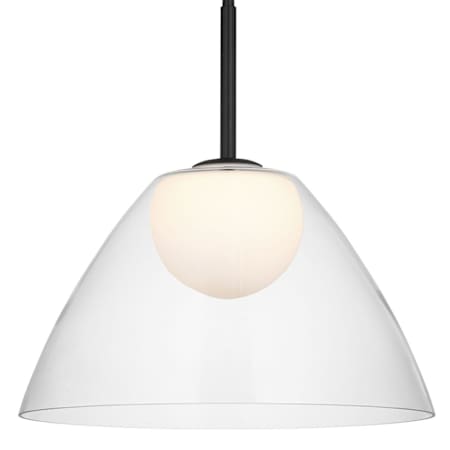 Visual Comfort Suma 16" Wide Pendant with Clear Glass Outer And Opal Etched Glass Inner Shade Midnight Black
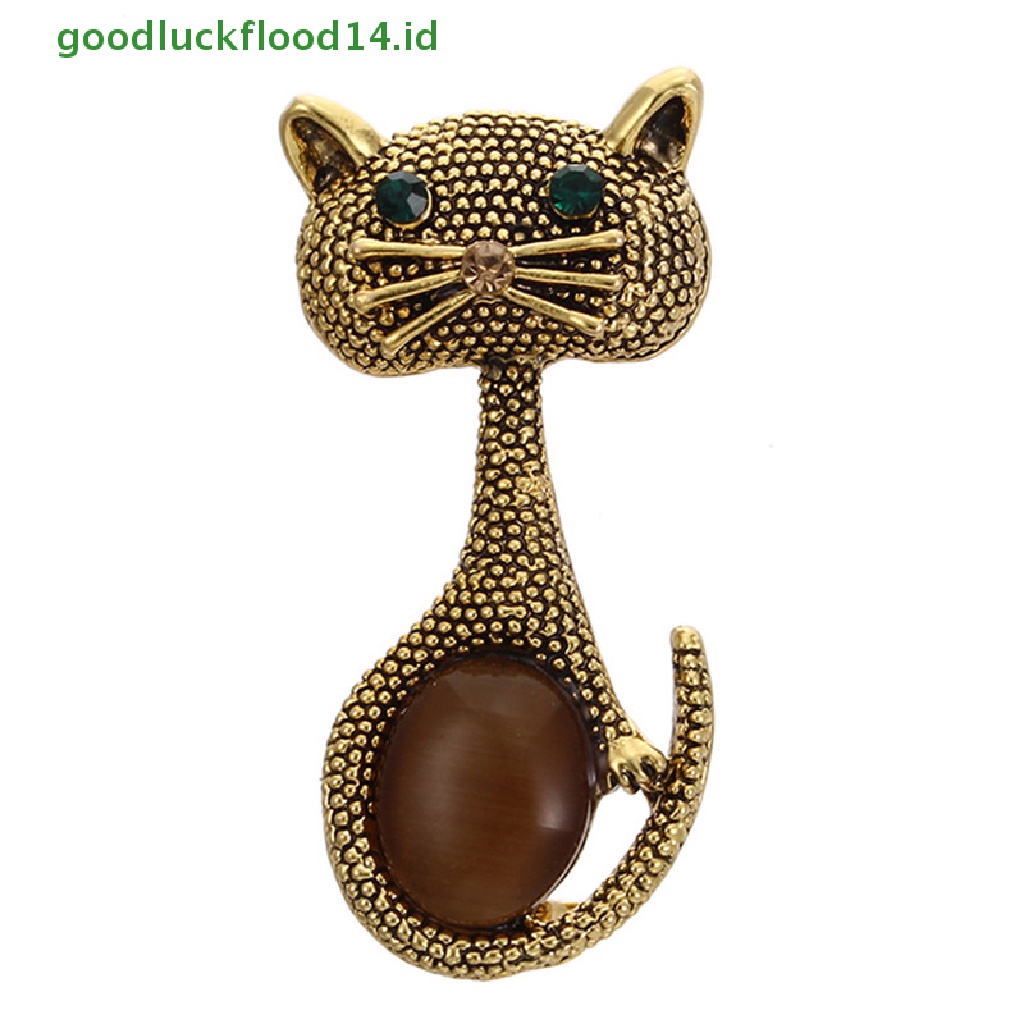 [GOOGFOUR] Mata Kucing Batu Bros Pin Hewan Bros Kerah Klip Pernikahan Opal Wanita Brooch [TOP]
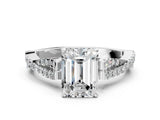 White gold Emerald Cut Diamond Solitaire Engagement Ring with Twisted Pavé Band and Four-Prong Setting_75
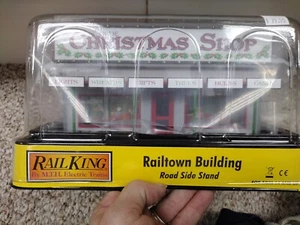 MTH Railtown Building Roadside Stand 30-90637 Ye Old Christmas Shop W/Op. Lights - Picture 1 of 2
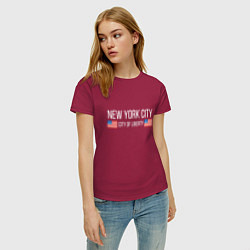Футболка хлопковая женская NEW YORK, цвет: маджента — фото 2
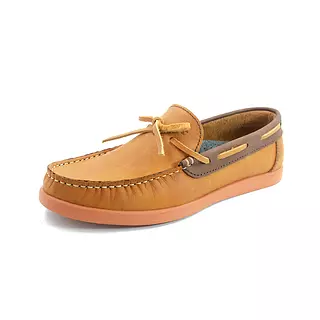 Zapatos Mocasine de Cuero Miel Cuello Café Suela Ladrillo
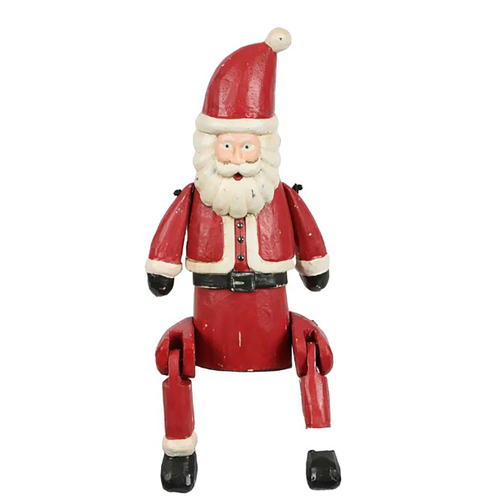 Wood Santa Sitting  25cm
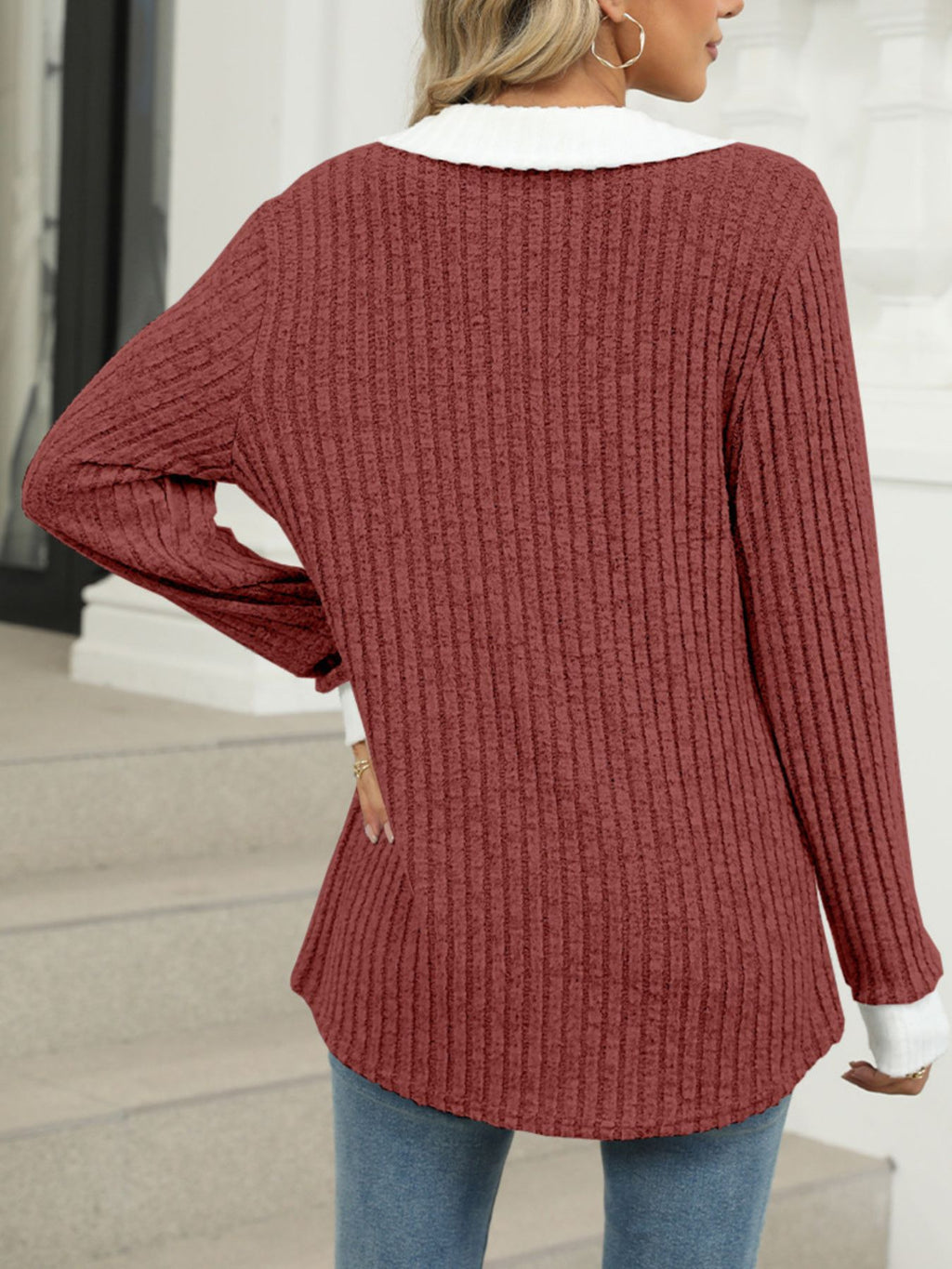Ribbed Knit Long Sleeve T-shirt (31)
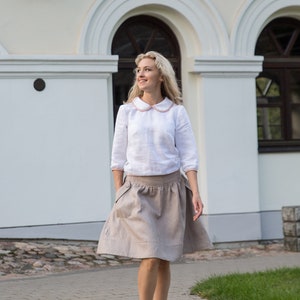 Peter Pan Collar Blouse, White Linen Blouse, Vintage Inspired Linen Top, Two Color Blouse, Sustainable Fashion Top, Linen Clothing. image 4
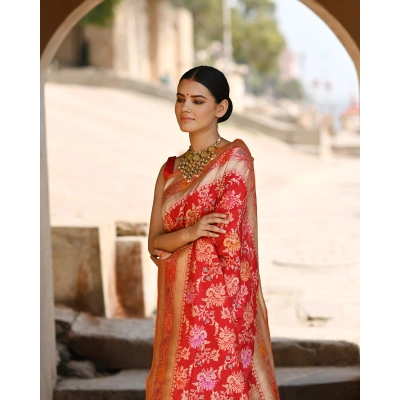 Red Pure Katan Kadhiyal Jangla Banaras Handloom Saree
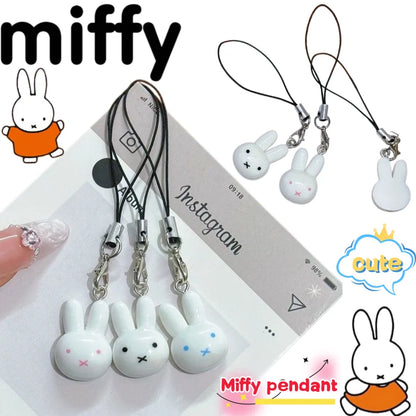 3PCS Miffy Cartoon Keychain Set - Cute Anime Character Pendant for Backpack, Phone Case & Couple Accessories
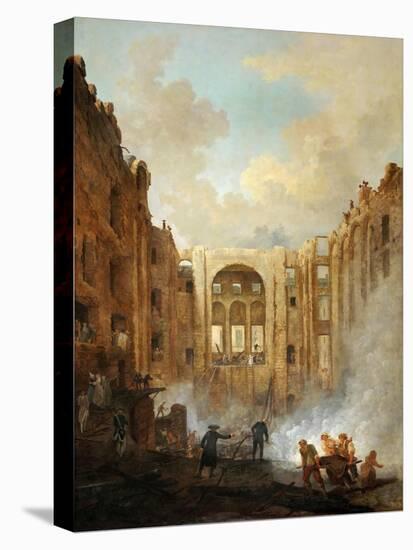 Fire at the Opera House of the Palais-Royal in 1781-Hubert Robert-Stretched Canvas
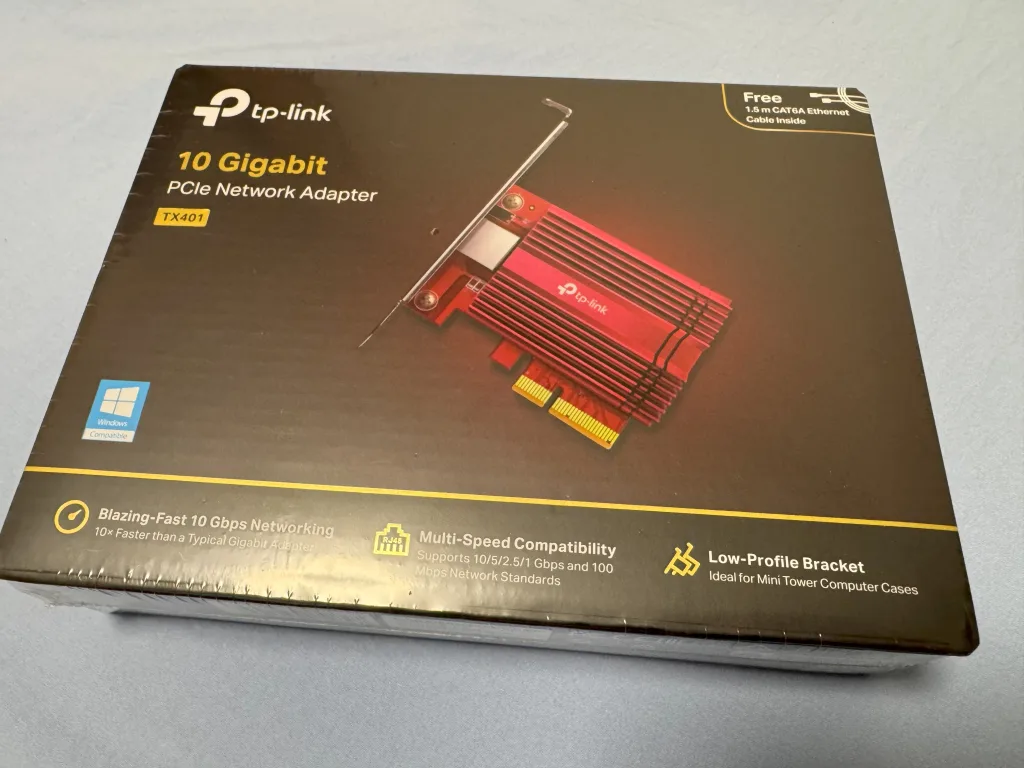 TP-Link 10Gbps PCIeネットワークアダプター TX401の外箱
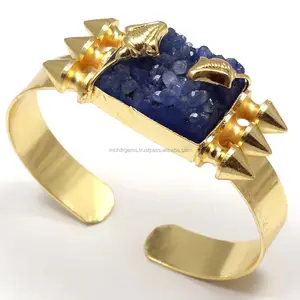 Manchette de déclaration Druzy en agate de sucre faite à la main pour bracelet balle le long de la conception de bijoux de feuille accessoire à la mode - Product Image 1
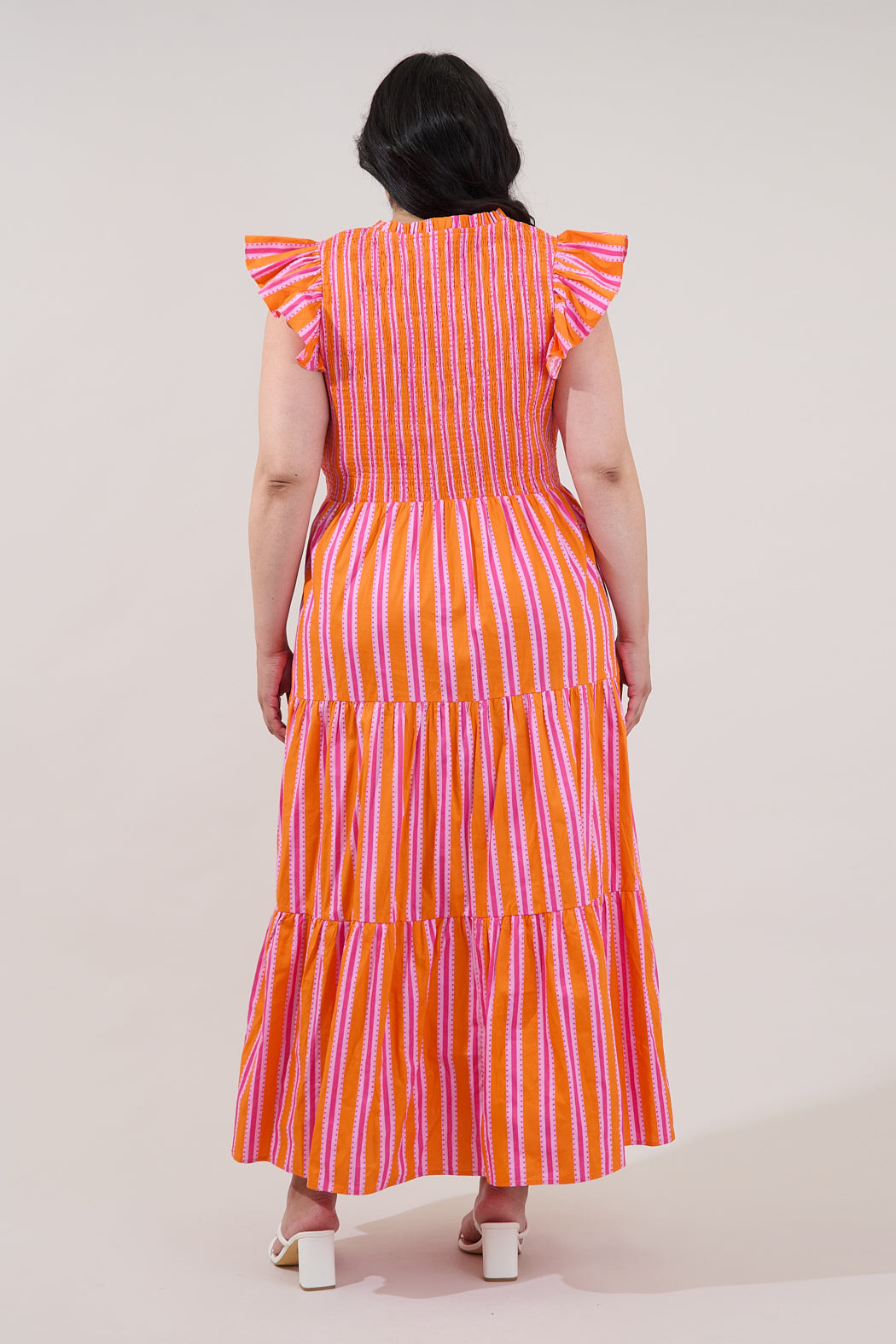 Sunfire Tiered Midi Dress Candy Stripe Curve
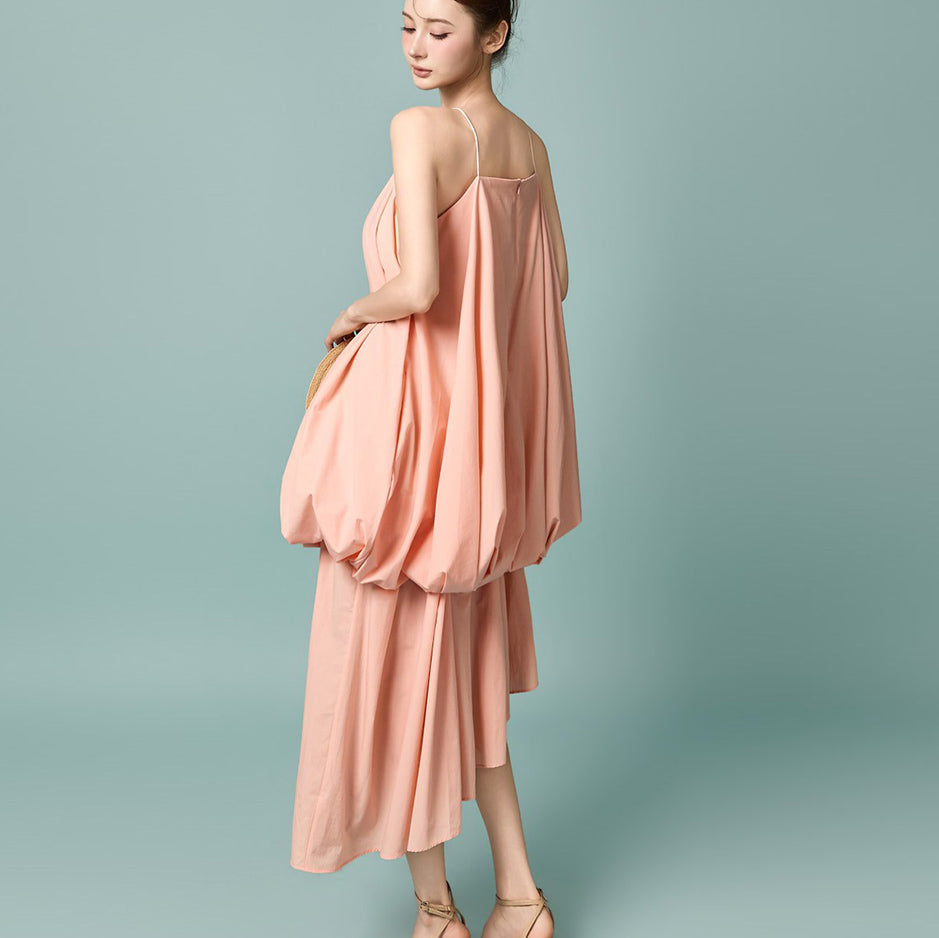 D9633 Balloon Drape Asymmetrical Dress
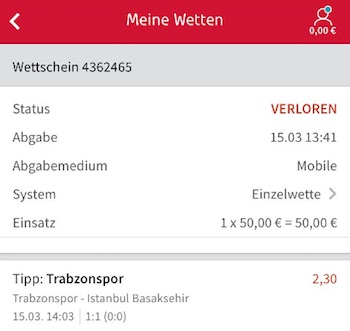 Tipico weitere Wetten verloren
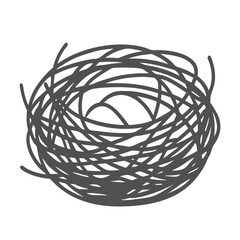 A minimalist illustration of a bird's nest, emphasizing the intricate lines and organic shape.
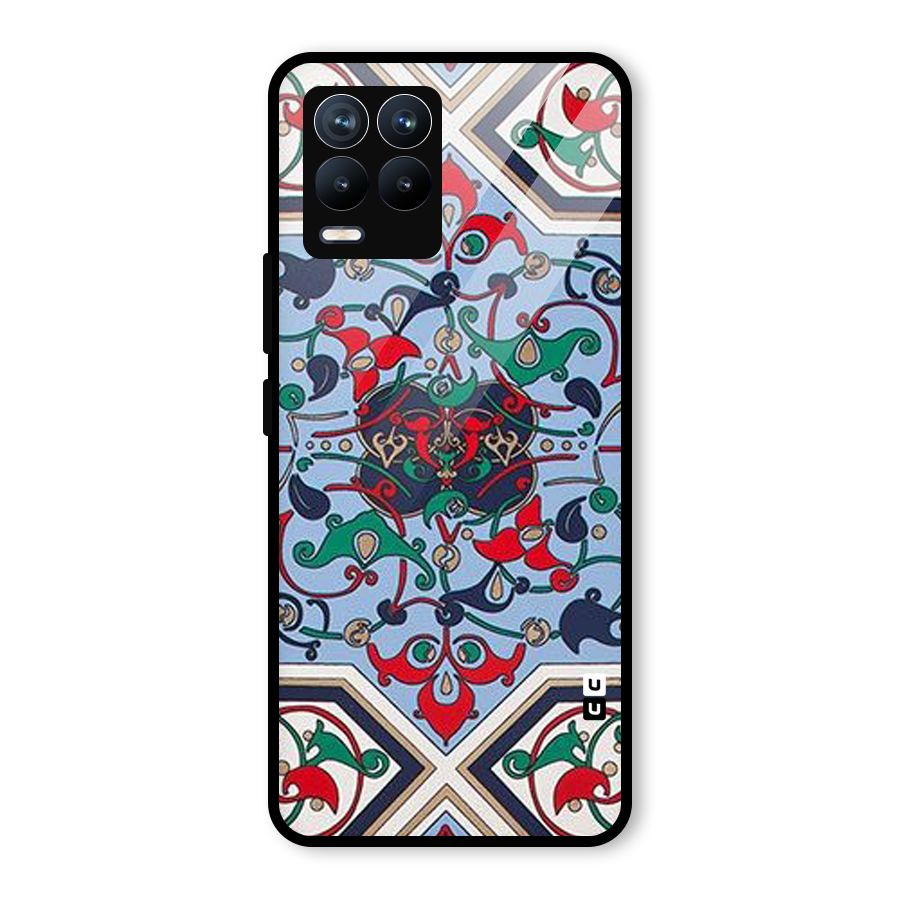 Multi Block Pattern Glass Back Case for Realme 8 Pro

..........

Repeat the lines above exactly, beginning with the one containing "[GOOGFOUR] Mata Kucing" and finishing with the one containing "Ribbed Knit Long Sleeve T-shirt (31)". No pictures belong in the copy.

 [GOOGFOUR] Mata Kucing Batu Bros Pin Hewan Bros Kerah Klip Pernikahan Opal Wanita Brooch [TOP]
 White gold Emerald Cut Diamond Solitaire Engagement Ring with Twisted Pavé Band and Four-Prong Setting_75
 MTH Railtown Building Roadside Stand 30-90637 Ye Old Christmas Shop W/Op. Lights - Picture 1 of 2
Футболка хлопковая женская NEW YORK, цвет: маджента — фото 2
 Zapatos Mocasine de Cuero Miel Cuello Café Suela Ladrillo
 Wood Santa Sitting  25cm
Ribbed Knit Long Sleeve T-shirt (31)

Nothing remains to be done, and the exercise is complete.